A few days ago I asked for help how to design the parser used in Marble to try to turn a text string into some geographical coordinates in such a way that it also can parse localized writings of such coordinates.
For those curious what came out of this, read on:
While I then forgot to mention the use-cases I was thinking of, like copying&pasting some pretty-printed string from some text, or entering the coordinates somebody tells you on the phone, still the broad feedback I got, both by those commenting on the blog post as well as those replying on the mailinglist of KDE’s translators (thanks to all of you), helped to accumulate quite some testing data, on which based the parser could be designed.
Well, it was done in a short rush, just in time for the translation soft freeze for the upcoming release of KDE Apps 4.8, but non-the-less can parse all of the testing data 🙂 Which means basically the parser can parse coordinates in these patterns, for all languages:
- with latitude or longitude given as first
- with directions given as prefix or postfix
- with values given just as pure degree, as degree and minutes, or as degree, minutes and seconds
- the last subvalue can optionally be in floating point precision
- the first subvalue can be negative or positive, optionally with the + prefix
- latitude and longitude can be separated by the “,” or the “;” character or simply white space
- symbols for degree, minutes and seconds can be given or left out, if directions are given
The parser first tries to parse using the localized direction terms, than falls back to try the English ones. For the degree, minutes and seconds symbols it is quite tolerant, tries to understand all kind of character (combinations) people might try to express the symbols, using what their keyboard layout offers. Basic rule: if a human would get what is meant, so should the parser (e.g. two consecutive LEFT SINGLE QUOTATION MARKs
‘‘ would be accepted as seconds symbol). Additionally accepted would the localized variant of the symbol, like obviously typically found in non-latin based languages.
Additionally, for a very short notation, two pure floating point values, separated as described above, are parsed as first latitude degree and second longitude degree.
So also the Shorthand DMS notation, as hinted to by Kjetil Kilhavn, should be parsed without a problem. (Support for UTM is only worked on in Marble, no promises on when this might emerge)
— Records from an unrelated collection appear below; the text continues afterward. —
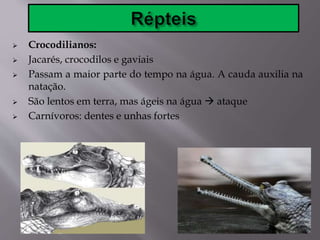  Crocodilianos:
 Jacarés, crocodilos e gaviais
 Passam a maior parte do tempo na água. A cauda auxilia na
natação.
 São lentos em terra, mas ágeis na água  ataque
 Carnívoros: dentes e unhas fortes
 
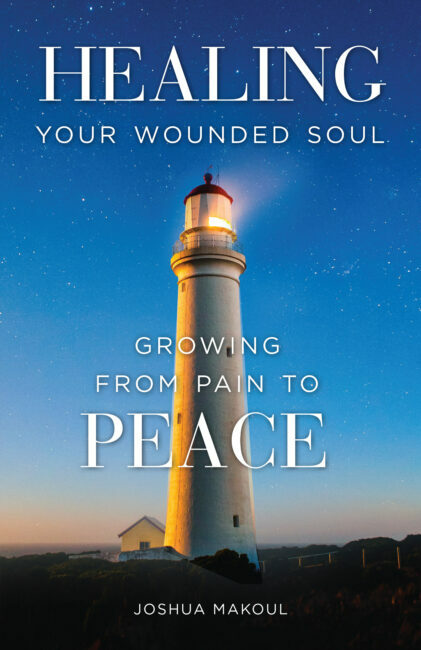 A Healing Driven Life book cover
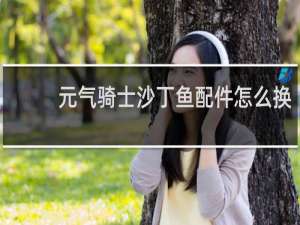 元气骑士沙丁鱼配件怎么换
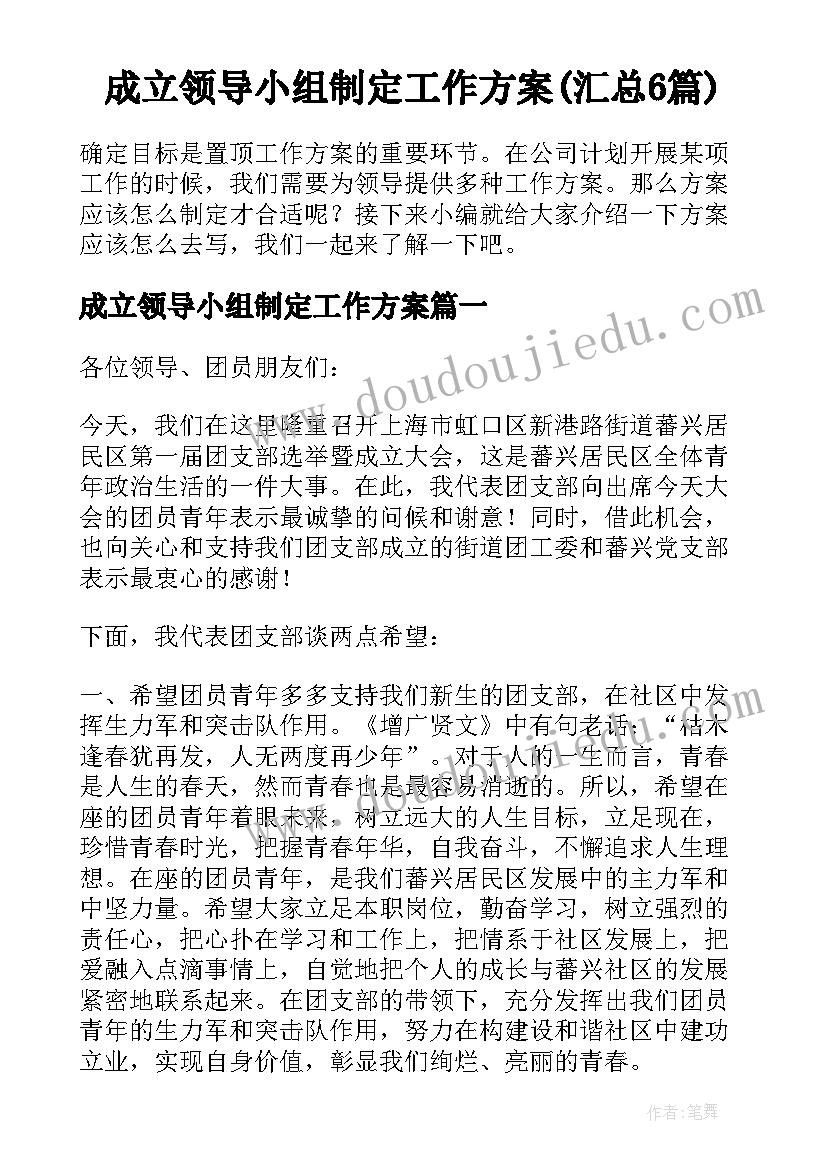 成立领导小组制定工作方案(汇总6篇)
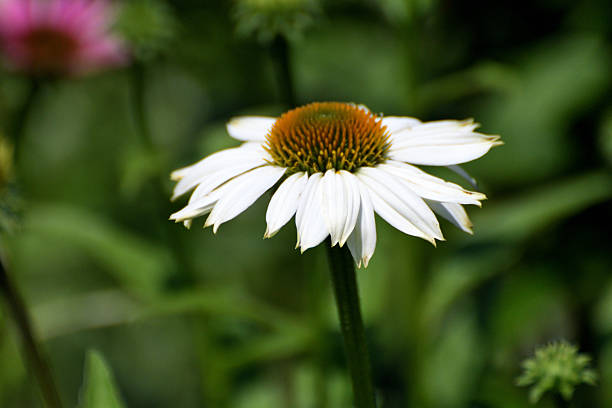 Coneflower White Swan (Echinacea purpurea), flowers of summer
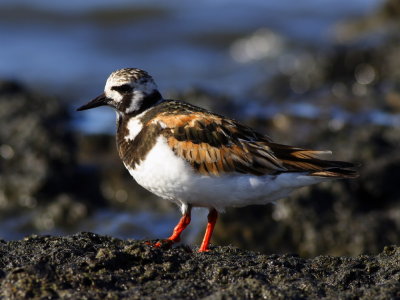 Ruddy Turnstone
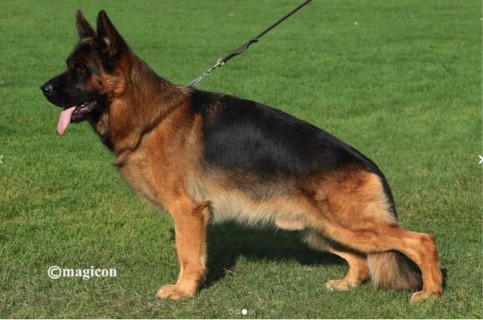 Dog Photo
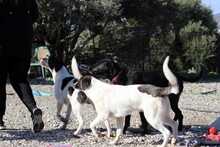 PINA, Hund, Herdenschutzhund-Mix in Griechenland - Bild 2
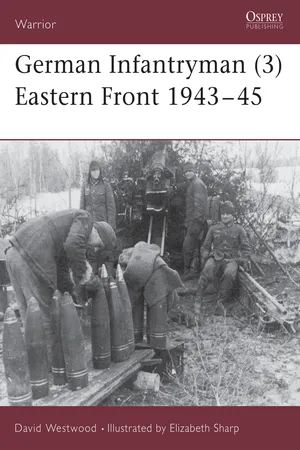 German Infantryman (3) Eastern Front 1943โ45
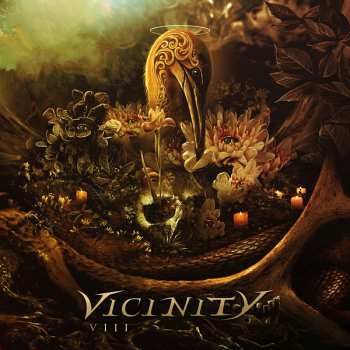 Album Vicinity: VIII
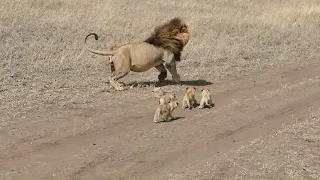 اشبال اسود صغيرة تلعب مع ابوها دندنها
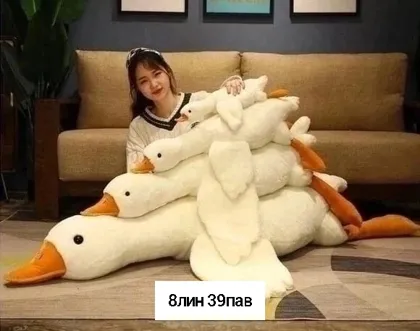 Миниатюра 7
For parsing of localized strings to work, the translators are asked to provide in the translation catalogs the information about additional local symbols for the degree, minutes and seconds, as well as how the directions are written. Per direction and symbol there can be multiple variants noted, so languages with variants of the direction terms are also covered. There is a short guideline for the translators, also linked from the strings in the code.
But things are not perfect yet:
only today I learned that Thai has a pattern which is not matching any of those described above, in that it also uses prefixes “longitude” and resp. “langitude” (in Thai) before those parts. Which is also the same pattern as with a sample I got for Icelandic, but I somehow had ignored that, only now found that entry marked as TODO.
So there are things left to do for the Marble version after the upcoming one. But then we all know, software is never finished 🙂
Perhaps the geographic coordinates localisation should also be added/moved to the general regional system settings, like Date & Time are, as coordinates become more and more used, due to mobile devices. So all programs dealing with coordinates would benefit and also be consistent (think KStars or Digikam).